▶ _WORK ORDER_
Without the pictures, print the lines running from the beginning of the material to the line containing "Rovos Taşınabilir Kamp", both ends included.

▶ _RECORDS FOR PROCESSING_

···

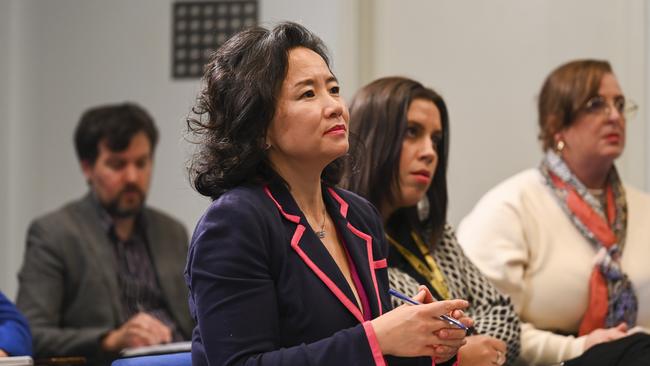 Journalist Cheng Lei was blocked by Chinese officials at a signing event attended by Prime Minister and the Chinese Premier. Picture: NCA NewsWire / Martin Ollman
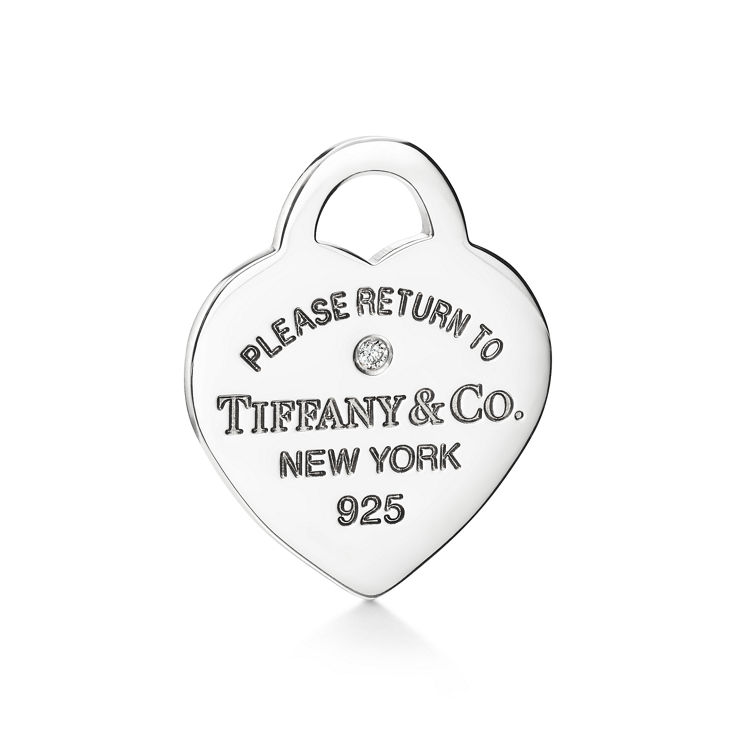 Collezione Return to Tiffany™:Bracciale Bead Heart Tag in argento con diamante, 4 mm numero immagine 4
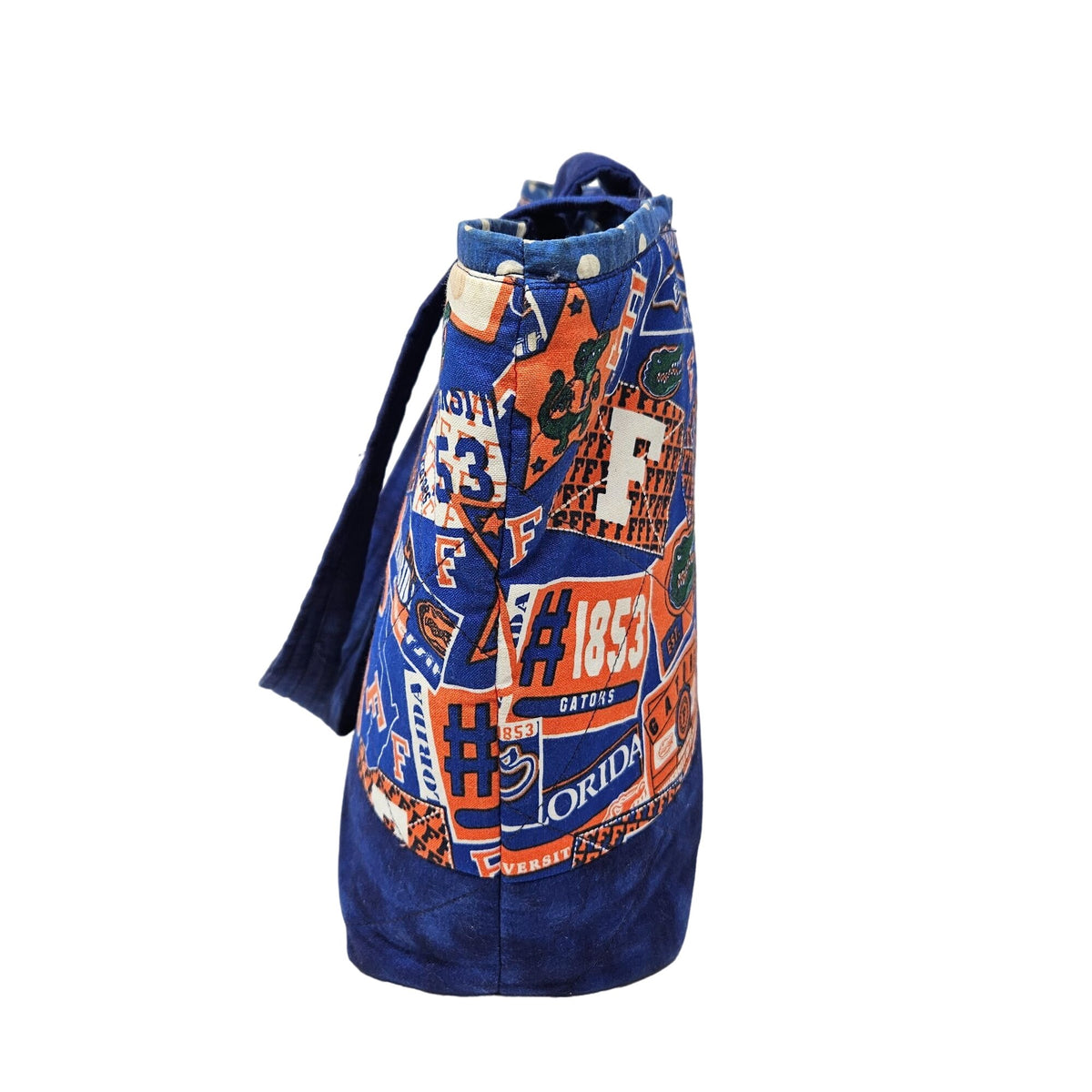 UF University of Florida Gators Quilted Shoulder Tote Bag Orange Blue Handmade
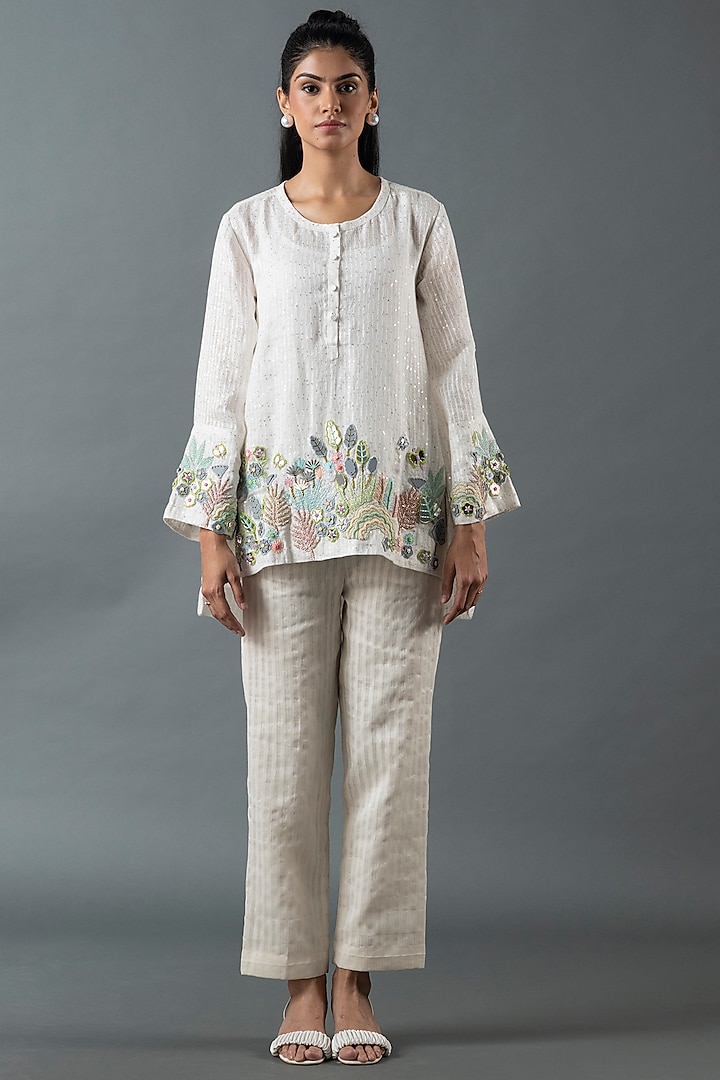 Ivory Shrimp Linen Glass Embroidered Co-Ord Set by OJA at Pernia's Pop Up Shop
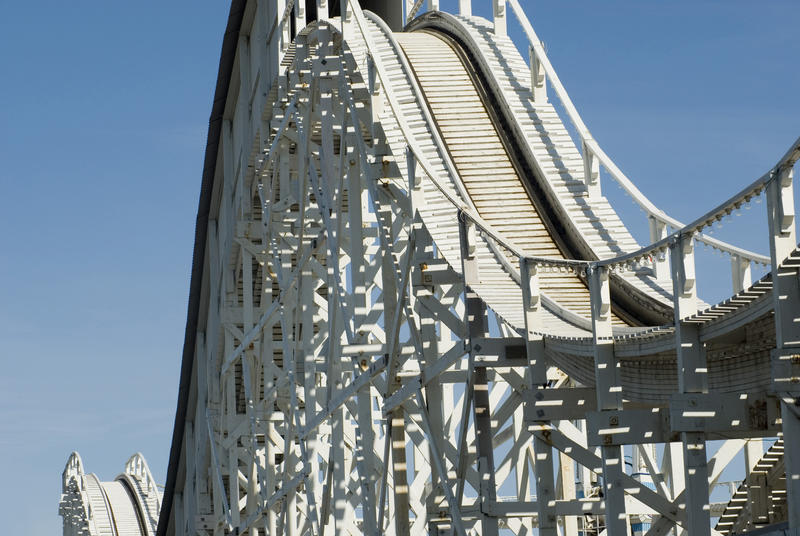 Undulating rollercoaster track with steep inclines and valleys in a close up view on a hill against a blue sky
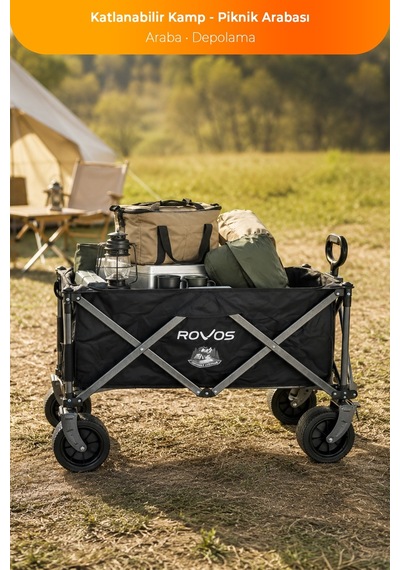 Rovos Taşınabilir Kamp Arabası, Katlanabilir Portatif Pazar Piknik Vagon Market Bahçe Arabası
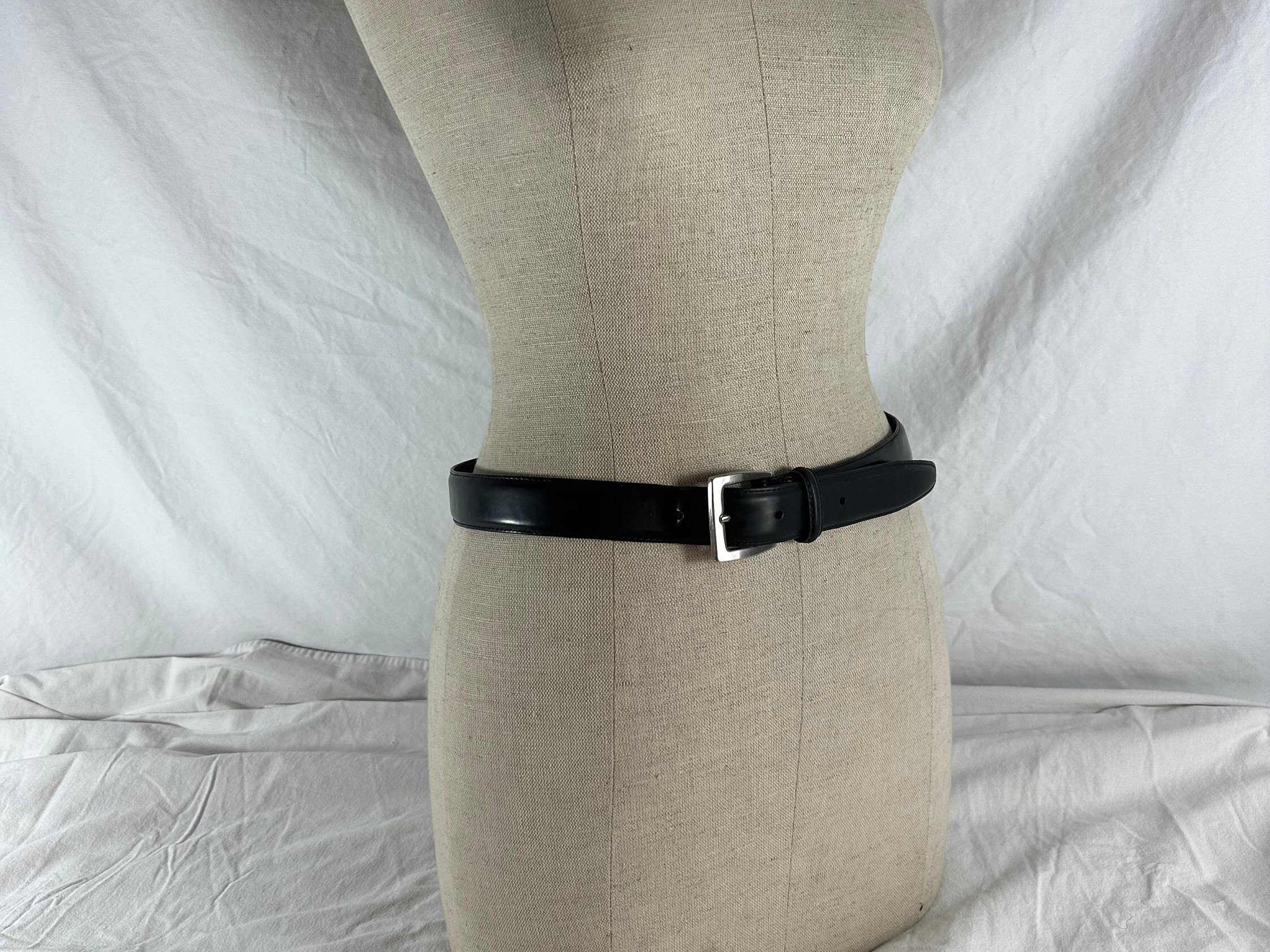 Vintage Coach Black Polished Cowhide Leather Belt Silver Buckle Costa Rica Vintage COACH 3921 Black Smooth Cowhide Leather Belt Size 36  main image 2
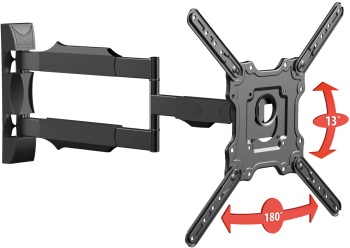 Suport TV de Perete cu Brat Reglabil pentru Televizoare cu Diagonala de 17-55 inch Capacitate 35 kg Negru 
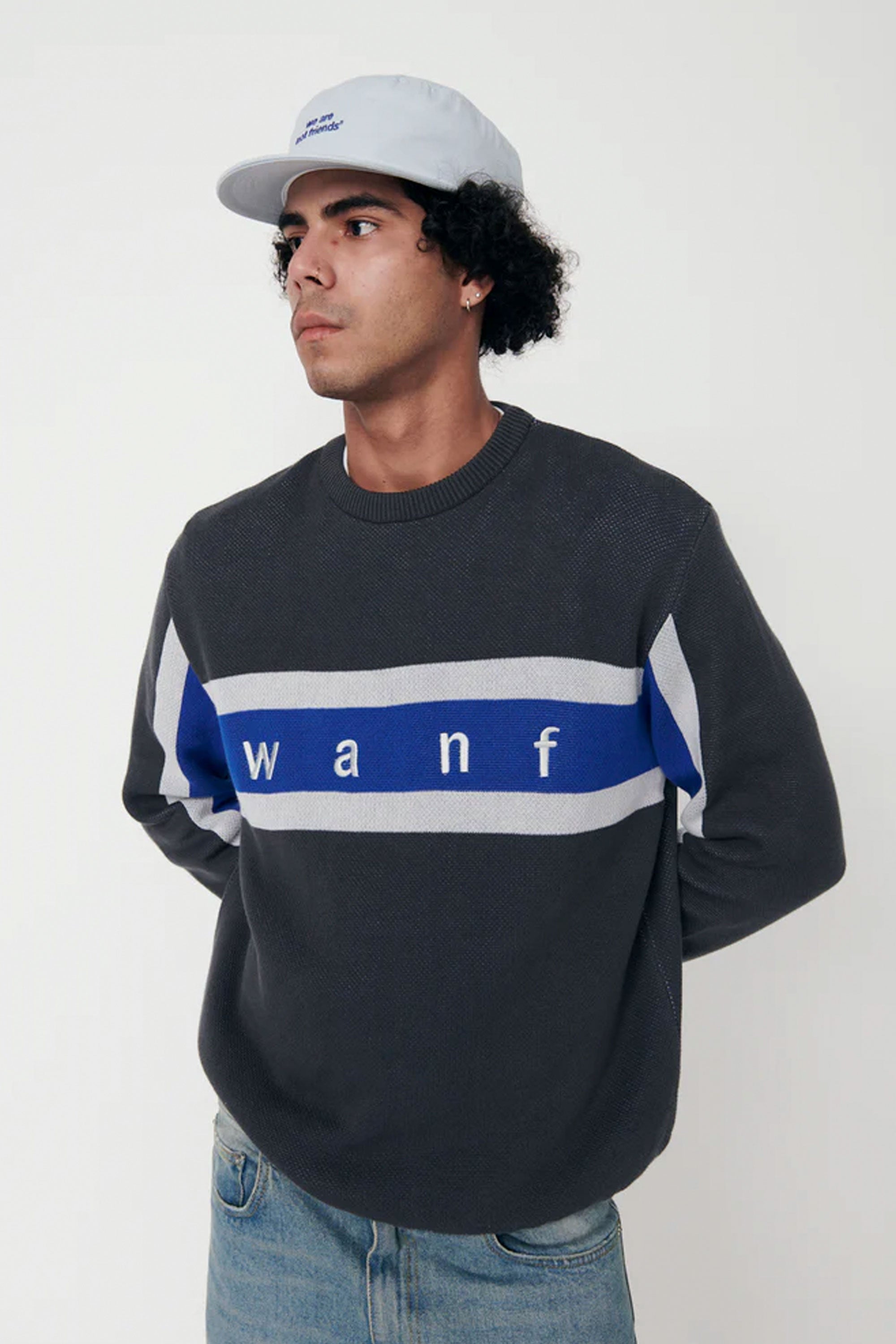 Happylifeshops Man Sweat WANF Stripes Black Sweater Black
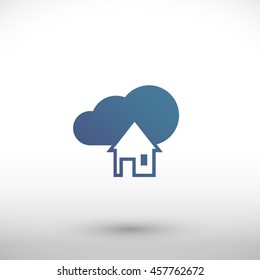 Home vector icon. Cloud pictogram. Graphic symbol for web design, logo. Isolated sign on a white background.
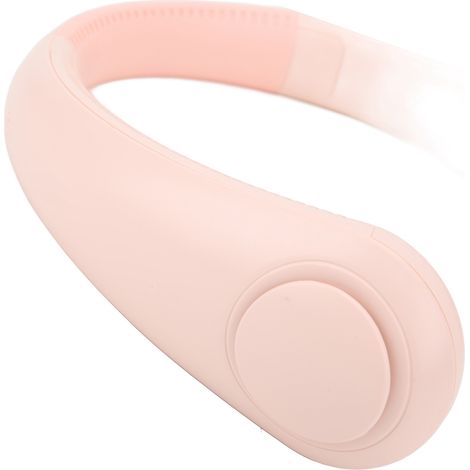 Collier ventilateur silencieux sans pales, rechargeable USB pour sport extérieur, pliable, avec batterie intégrée, rose cerise (1/5)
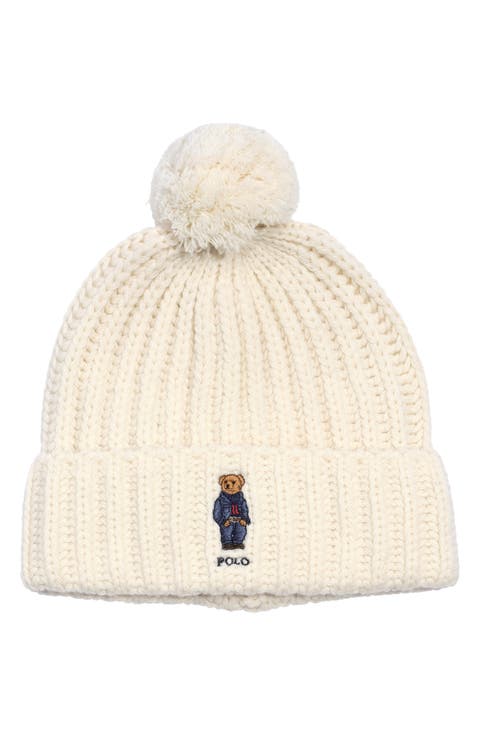 Denim Bear Pompom Beanie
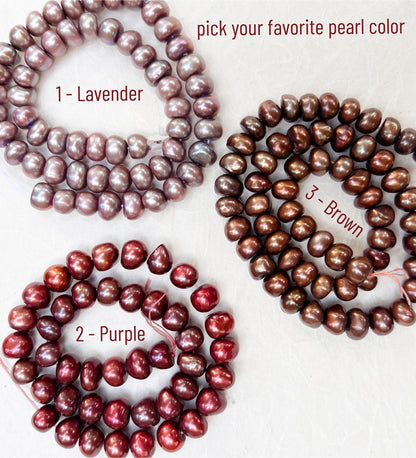 Real Purple Pearl Nipple Noose Dangle - Faux Nipple Piercing / Non Piercing Nipple Jewelry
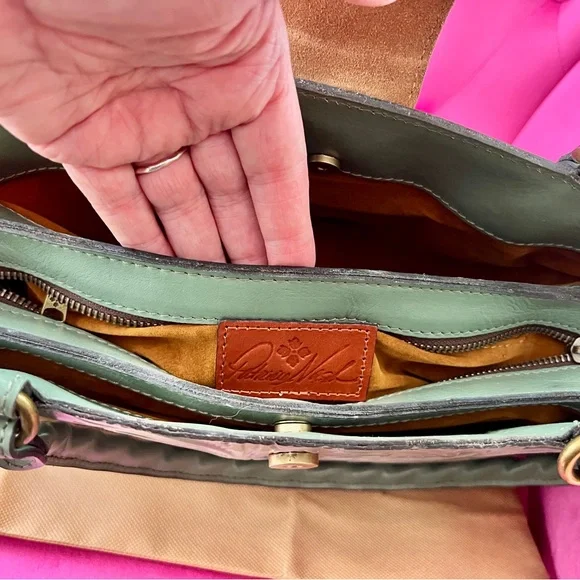 Patricia Nash Green Western Floral Embossed Leather Handbag New - Picture 7 of 8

···

▶ _YOUR SOLUTION_
 Journalist Cheng Lei was blocked by Chinese officials at a signing event attended by Prime Minister and the Chinese Premier. Picture: NCA NewsWire / Martin Ollman
 Collezione Return to Tiffany™:Bracciale Bead Heart Tag in argento con diamante, 4 mm numero immagine 4
 UF University of Florida Gators Quilted Shoulder Tote Bag Orange Blue Handmade
 Ivory Shrimp Linen Glass Embroidered Co-Ord Set by OJA at Pernia's Pop Up Shop
 Undulating rollercoaster track with steep inclines and valleys in a close up view on a hill against a blue sky
 Rovos Taşınabilir Kamp Arabası, Katlanabilir Portatif Pazar Piknik Vagon Market Bahçe Arabası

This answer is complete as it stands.